22 ottobre 2006

A proposito di complotti

Sergio Romano, editoriale del Corriere di oggi (nessuno si meravigli se queste parole suonano un pochino banali, ci si preoccupi piuttosto di ciò che le ha provocate):

Non credo vi sia stato un altro momento politico, dopo Tangentopoli, in cui i sentimenti di stima e fiducia della società per il vertice del Paese, soprattutto politico ma anche economico, abbiano toccato un punto così basso. (...) Le teorie del complotto rischiano di offuscare i termini del problema. La minaccia che incombe sul governo Prodi non viene, in ultima analisi, da una congiura trasversale dei suoi nemici. Il malessere nasce all’interno della coalizione e contagia il Paese. Il presidente del Consiglio ha un alto concetto di sé, si è fissato una rotta ed è convinto di poter tagliare il traguardo.
Ma non può ignorare che il suo governo è un coro di voci discordanti, che mai prima d’ora ministri e sottosegretari avevano dimostrato nei loro pubblici litigi un così scarso senso del pudore e che l’opinione pubblica attribuisce alle pressioni dell’estrema sinistra molte misure discutibili della Finanziaria.
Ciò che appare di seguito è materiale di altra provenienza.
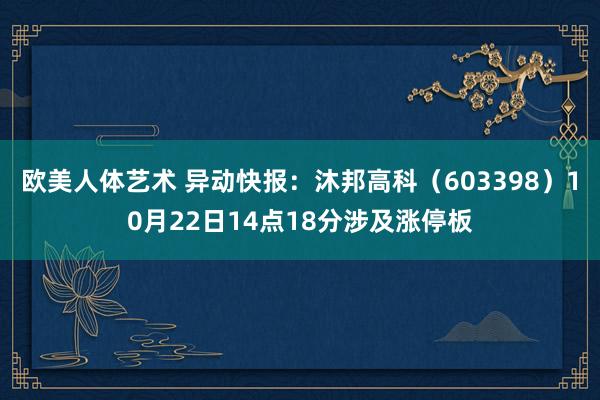 欧美人体艺术 异动快报：沐邦高科（603398）10月22日14点18分涉及涨停板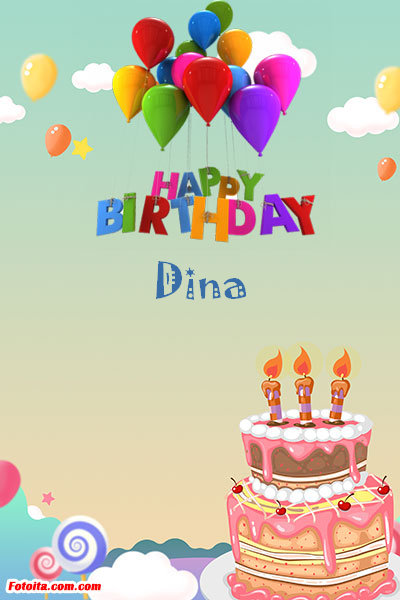 Dina - Buon compleanno Dina. Tanti Auguri Carte E Immagini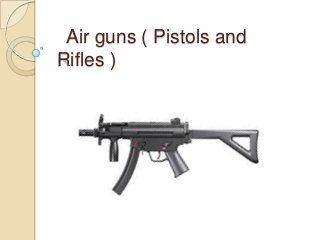 Air guns ( Pistols and
Rifles )

 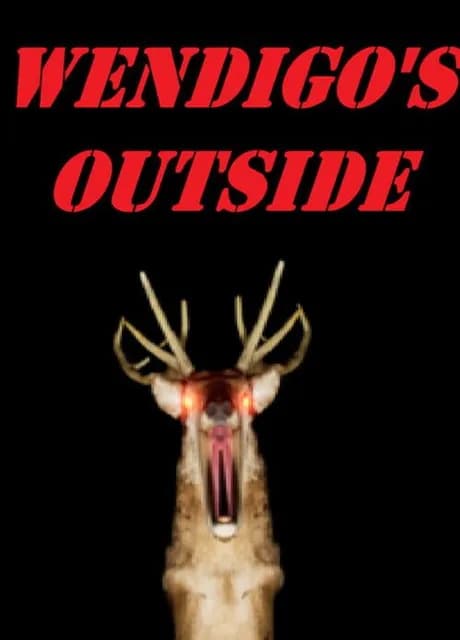 Wendigo's Outside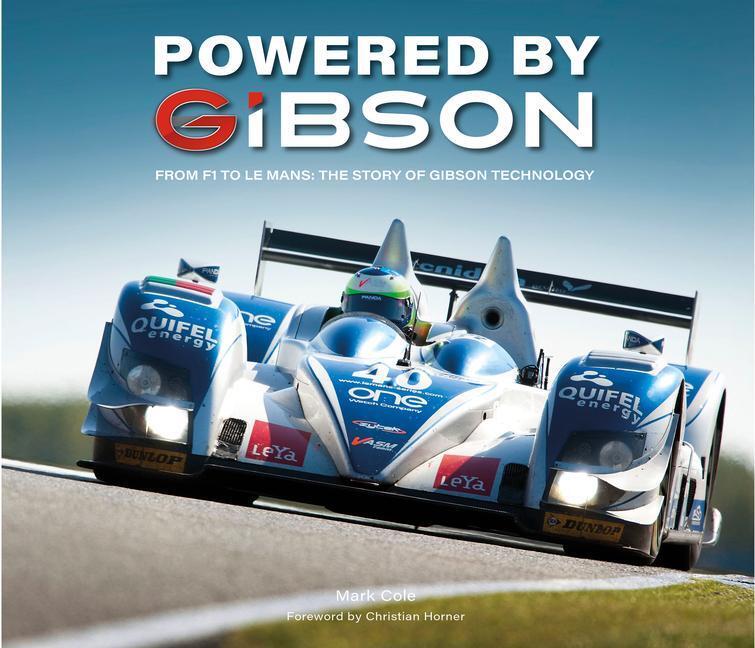 Cover: 9781913089658 | Powered by Gibson | From F1 to Le Mans: The Story of Gibson Technology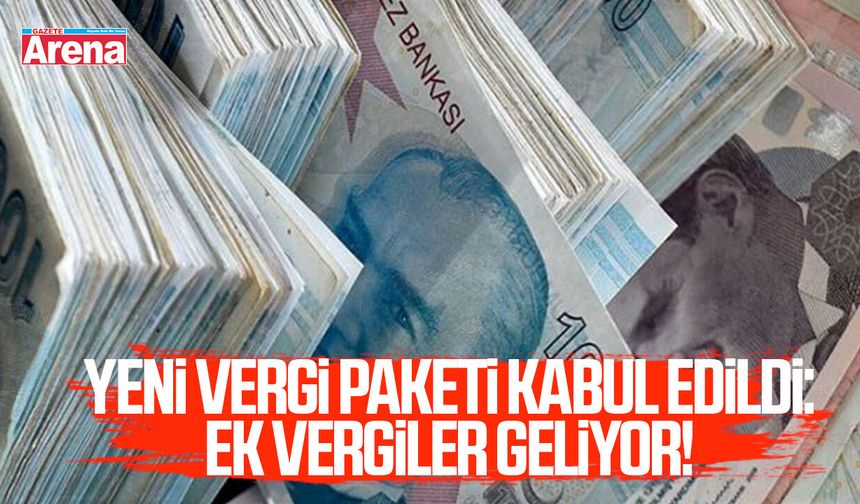TBMM’de yeni vergi paketi kabul edildi: Ek vergiler geliyor!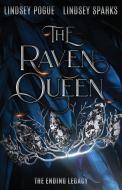 The Raven Queen di Lindsey Sparks, Lindsey Pogue edito da The Ending world Books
Anziché sospettare le intenzioni dei suoi nemici (non vi è governo che non ne abbia) Prodi dovrebbe interrogarsi sul malumore del Paese. Scoprirebbe che il «complotto » è il meno grave dei pericoli a cui deve far fronte.


Poi, in un'intervista a Repubblica, il premier si è pentito ("Nessun complotto"), ma intanto si è meritato questa bacchettata.